Pauline Arrillaga, AP, April 19, 2009
Five men dead in an apartment.
In a county that might see five homicides in an entire year, the call over the sheriff’s radio revealed little about what awaited law enforcement at a sprawling apartment complex.
A type of crime, and criminal, once foreign to this landscape of blooming dogwoods had arrived in Shelby County. Sheriff Chris Curry felt it even before he laid eyes on the grisly scene. He called the state. The FBI. The DEA. Anyone he could think of.
“I don’t know what I’ve got,” he warned them. “But I’m gonna need help.”
The five dead men lay scattered about the living room of one apartment in a complex of hundreds.
Some of the men showed signs of torture: Burns seared into their earlobes revealed where modified jumper cables had been clamped as an improvised electrocution device. Adhesive from duct tape used to bind the victims still clung to wrists and faces, from mouths to noses.
As a final touch, throats were slashed open, post-mortem.
It didn’t take long for Curry and federal agents to piece together clues: A murder scene, clean save for the crimson-turned-brown stains now spotting the carpet. Just a couple of mattresses tossed on the floor. It was a typical stash house.
But the cut throats? Some sort of ghastly warning.
Curry would soon find this was a retaliation hit over drug money with ties to Mexico’s notorious Gulf Cartel.
Curry also found out firsthand what federal drug enforcement agents have long understood. The drug war, with the savagery it brings, knows no bounds. It had landed in his back yard, in the foothills of the Appalachians, in Alabama’s wealthiest county, around the corner from The Home Depot.
One thousand, twenty-four miles from the Mexico border.
Some 10,560 people have been killed since 2006, the year Mexican President Felipe Calderon took office and launched his campaign against the organized crime gangs that move cocaine, methamphetamine, marijuana and heroin to a vast U.S. market. Consider that fewer than 4,300 American service members have died in the six-year war in Iraq.
The cartels are fighting each other for power, and the Calderon administration for their very survival. Never before has a Mexican president gone after these narco-networks with such force.
And now the cartels have brought the fight to us: In 230 U.S. cities, the Mexican organizations maintain distribution hubs or supply drugs to local distributors, according to the Justice Department’s National Drug Intelligence Center.

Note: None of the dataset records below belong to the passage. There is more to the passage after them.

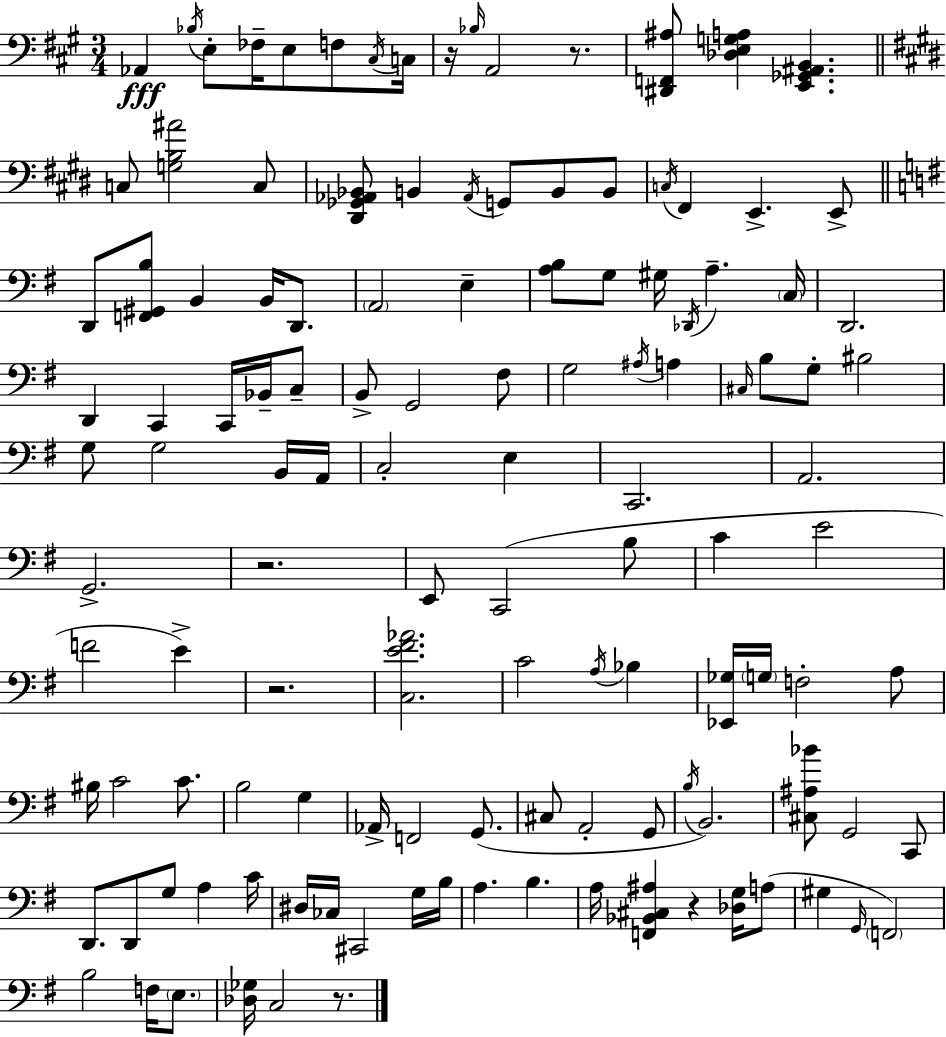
Ab2/q Bb3/s E3/e FES3/s E3/e F3/e C#3/s C3/s R/s Bb3/s A2/h R/e. [D#2,F2,A#3]/e [Db3,E3,G3,A3]/q [E2,Gb2,A#2,B2]/q. C3/e [G3,B3,A#4]/h C3/e [D#2,Gb2,Ab2,Bb2]/e B2/q Ab2/s G2/e B2/e B2/e C3/s F#2/q E2/q. E2/e D2/e [F2,G#2,B3]/e B2/q B2/s D2/e. A2/h E3/q [A3,B3]/e G3/e G#3/s Db2/s A3/q. C3/s D2/h. D2/q C2/q C2/s Bb2/s C3/e B2/e G2/h F#3/e G3/h A#3/s A3/q C#3/s B3/e G3/e BIS3/h G3/e G3/h B2/s A2/s C3/h E3/q C2/h. A2/h. G2/h. R/h. E2/e C2/h B3/e C4/q E4/h F4/h E4/q R/h. [C3,E4,F#4,Ab4]/h. C4/h A3/s Bb3/q [Eb2,Gb3]/s G3/s F3/h A3/e BIS3/s C4/h C4/e. B3/h G3/q Ab2/s F2/h G2/e. C#3/e A2/h G2/e B3/s B2/h. [C#3,A#3,Bb4]/e G2/h C2/e D2/e. D2/e G3/e A3/q C4/s D#3/s CES3/s C#2/h G3/s B3/s A3/q. B3/q. A3/s [F2,Bb2,C#3,A#3]/q R/q [Db3,G3]/s A3/e G#3/q G2/s F2/h B3/h F3/s E3/e. [Db3,Gb3]/s C3/h R/e.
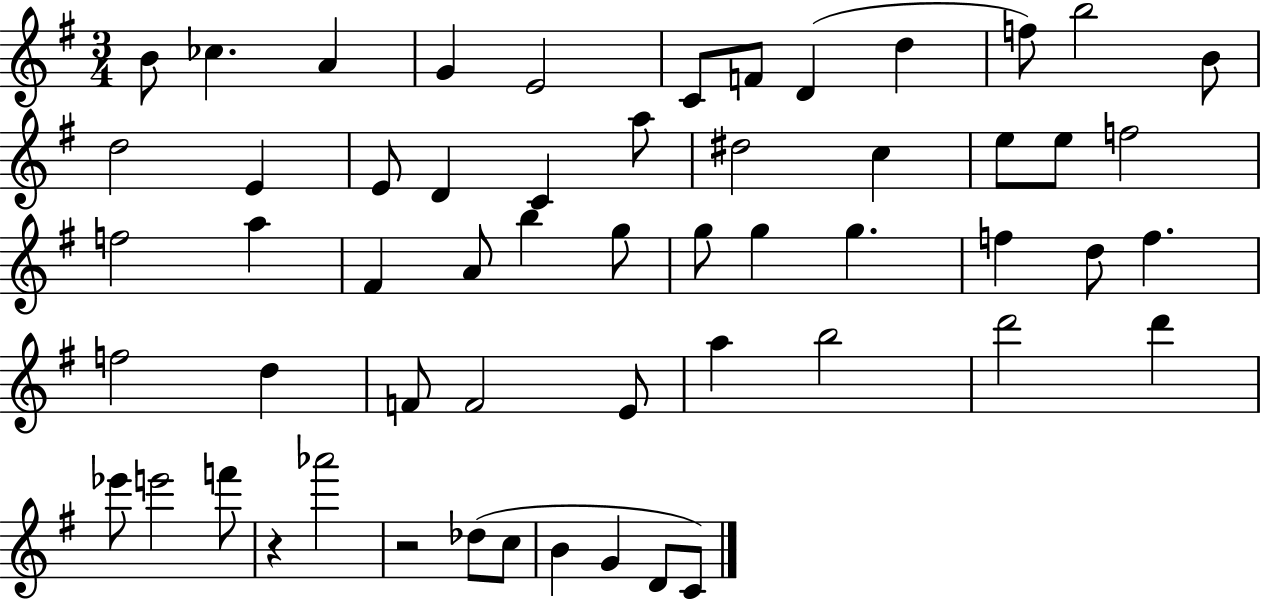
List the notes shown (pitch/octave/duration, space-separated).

B4/e CES5/q. A4/q G4/q E4/h C4/e F4/e D4/q D5/q F5/e B5/h B4/e D5/h E4/q E4/e D4/q C4/q A5/e D#5/h C5/q E5/e E5/e F5/h F5/h A5/q F#4/q A4/e B5/q G5/e G5/e G5/q G5/q. F5/q D5/e F5/q. F5/h D5/q F4/e F4/h E4/e A5/q B5/h D6/h D6/q Eb6/e E6/h F6/e R/q Ab6/h R/h Db5/e C5/e B4/q G4/q D4/e C4/e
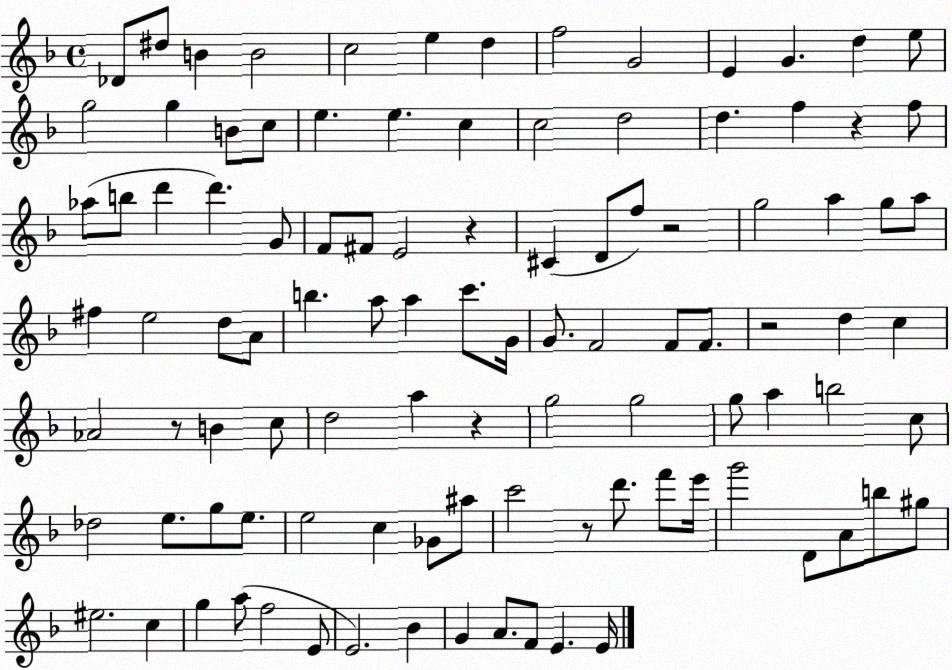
X:1
T:Untitled
M:4/4
L:1/4
K:F
_D/2 ^d/2 B B2 c2 e d f2 G2 E G d e/2 g2 g B/2 c/2 e e c c2 d2 d f z f/2 _a/2 b/2 d' d' G/2 F/2 ^F/2 E2 z ^C D/2 f/2 z2 g2 a g/2 a/2 ^f e2 d/2 A/2 b a/2 a c'/2 G/4 G/2 F2 F/2 F/2 z2 d c _A2 z/2 B c/2 d2 a z g2 g2 g/2 a b2 c/2 _d2 e/2 g/2 e/2 e2 c _G/2 ^a/2 c'2 z/2 d'/2 f'/2 e'/4 g'2 D/2 A/2 b/2 ^g/2 ^e2 c g a/2 f2 E/2 E2 _B G A/2 F/2 E E/4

Places like Miami and other longtime transportation points along the California, Arizona and Texas borders. But also Twin Falls, Idaho. Billings, Mont. Wichita, Kan. Phoenix. St. Louis. Milwaukee.
Even Shelby County.
One reason for that shift is the ability these days to “blend in in plain sight,” as the Atlanta DEA chief puts it. The flood of Hispanic immigrants into American communities to work construction and plant jobs helped provide cover for traffickers looking to expand into new markets or build hubs in quiet suburbs with fewer law officers than the big cities.
Shelby has long been Alabama’s fastest-growing county, with its proximity to Birmingham, good schools and a growing corporate corridor along Highway 280. The number of Hispanics grew 126 percent from 2000 to 2007. It was once rare to see a Latino face at the local Wal-Mart or gas station. Now, dozens upon dozens of Hispanic day laborers line Lorna Road in the northern part of the county.
As Bowden says, “You don’t stand out.”
With some 4.9 million trucks crossing into the United States from Mexico every year, tractor-trailers have become a transportation mode of choice among traffickers. Drugs head north, but weapons and cash also head back south–like the $400,000 Border Patrol agents found on April 2 near Las Cruces, N.M., stashed in the refrigeration unit of a semi.
Shelby County is a trucking mecca, with highways 65, 20, 59 and 459 running east to Atlanta, north to Nashville, south to New Orleans, west to Dallas. Once reluctant to haul drug shipments too far beyond a border state, drivers are willing to take more chances now, because there are so many trucks on the road, Bowden says.